Exercise aim: The required output is the stretch from the line containing "Thresholds for soybean" through the line containing "Question number one." in the records below, unaltered and with no pictures.
==== Dataset content ====
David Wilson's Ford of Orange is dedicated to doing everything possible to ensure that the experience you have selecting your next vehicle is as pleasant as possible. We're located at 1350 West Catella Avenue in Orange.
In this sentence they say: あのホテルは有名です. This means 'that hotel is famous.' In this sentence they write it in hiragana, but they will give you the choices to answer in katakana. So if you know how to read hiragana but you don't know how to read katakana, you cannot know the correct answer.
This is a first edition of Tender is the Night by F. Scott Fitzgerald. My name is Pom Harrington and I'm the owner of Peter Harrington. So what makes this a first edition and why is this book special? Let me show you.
====
==== Dataset content ====
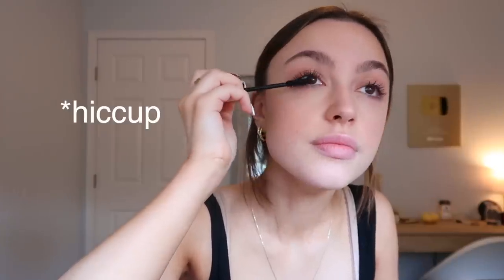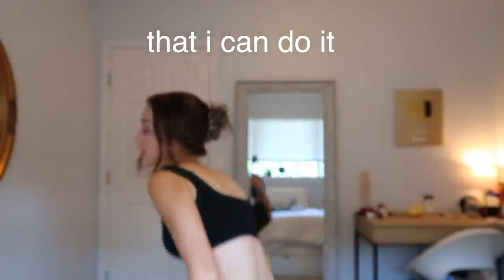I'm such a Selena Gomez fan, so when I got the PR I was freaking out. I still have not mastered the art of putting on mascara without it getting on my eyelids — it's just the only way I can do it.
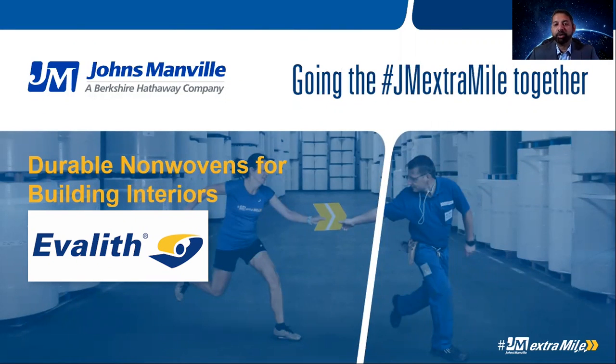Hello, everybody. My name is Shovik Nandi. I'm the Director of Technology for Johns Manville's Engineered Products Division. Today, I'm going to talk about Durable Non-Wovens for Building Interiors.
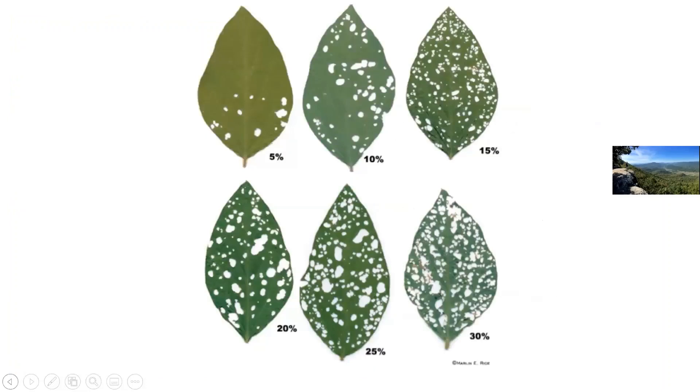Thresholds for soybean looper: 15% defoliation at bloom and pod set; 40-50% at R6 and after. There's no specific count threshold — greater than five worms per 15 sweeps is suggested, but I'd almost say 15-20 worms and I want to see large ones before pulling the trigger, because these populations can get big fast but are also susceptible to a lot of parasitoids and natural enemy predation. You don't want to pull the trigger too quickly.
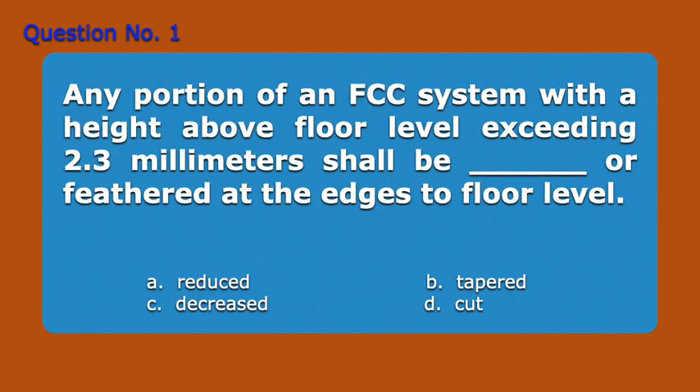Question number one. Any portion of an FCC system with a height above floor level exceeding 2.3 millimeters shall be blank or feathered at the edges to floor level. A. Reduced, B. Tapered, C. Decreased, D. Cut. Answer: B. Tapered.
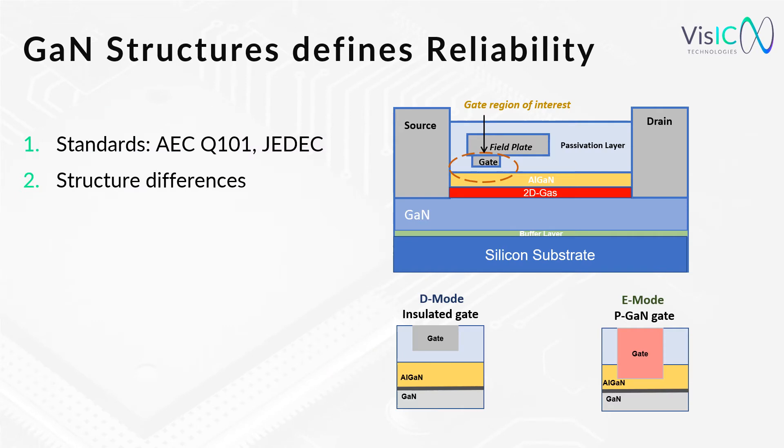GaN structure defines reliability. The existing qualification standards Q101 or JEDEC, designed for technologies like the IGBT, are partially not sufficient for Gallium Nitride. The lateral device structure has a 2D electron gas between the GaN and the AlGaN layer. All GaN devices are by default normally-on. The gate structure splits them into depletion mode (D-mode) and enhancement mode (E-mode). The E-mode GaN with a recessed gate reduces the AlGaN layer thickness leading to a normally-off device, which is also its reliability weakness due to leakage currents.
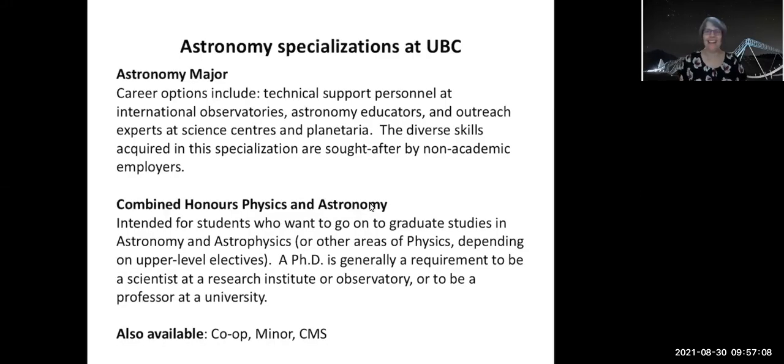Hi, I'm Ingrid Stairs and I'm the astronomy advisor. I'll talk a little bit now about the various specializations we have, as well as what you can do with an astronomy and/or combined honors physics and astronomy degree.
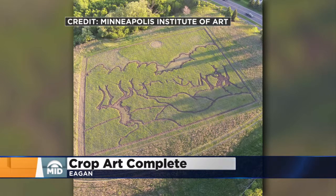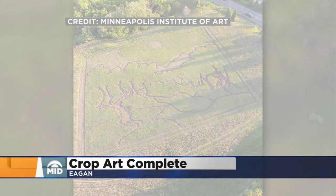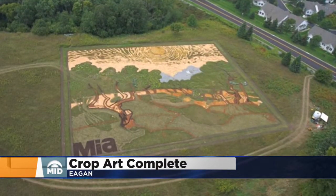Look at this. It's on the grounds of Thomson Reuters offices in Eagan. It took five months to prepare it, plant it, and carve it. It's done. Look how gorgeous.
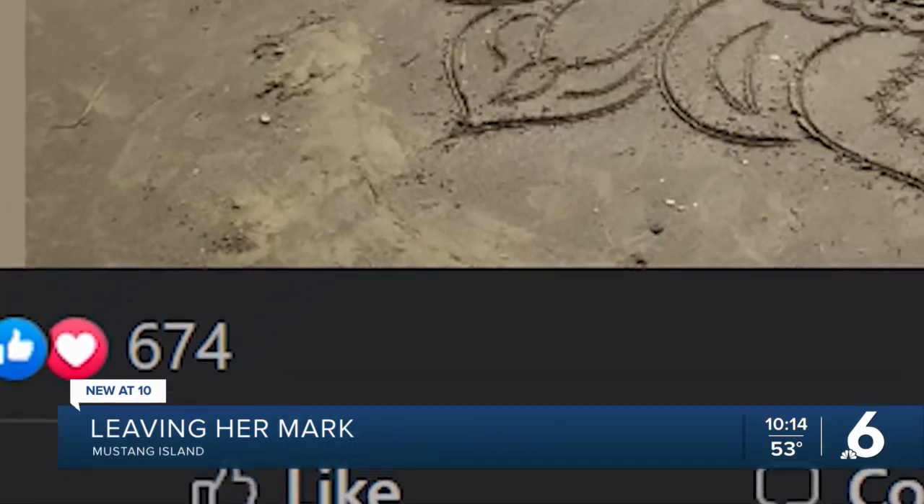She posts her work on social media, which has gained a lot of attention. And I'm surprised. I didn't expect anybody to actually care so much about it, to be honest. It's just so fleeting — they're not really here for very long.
====
Task solution:
Thresholds for soybean looper: 15% defoliation at bloom and pod set; 40-50% at R6 and after. There's no specific count threshold — greater than five worms per 15 sweeps is suggested, but I'd almost say 15-20 worms and I want to see large ones before pulling the trigger, because these populations can get big fast but are also susceptible to a lot of parasitoids and natural enemy predation. You don't want to pull the trigger too quickly.
Question number one. Any portion of an FCC system with a height above floor level exceeding 2.3 millimeters shall be blank or feathered at the edges to floor level. A. Reduced, B. Tapered, C. Decreased, D. Cut. Answer: B. Tapered.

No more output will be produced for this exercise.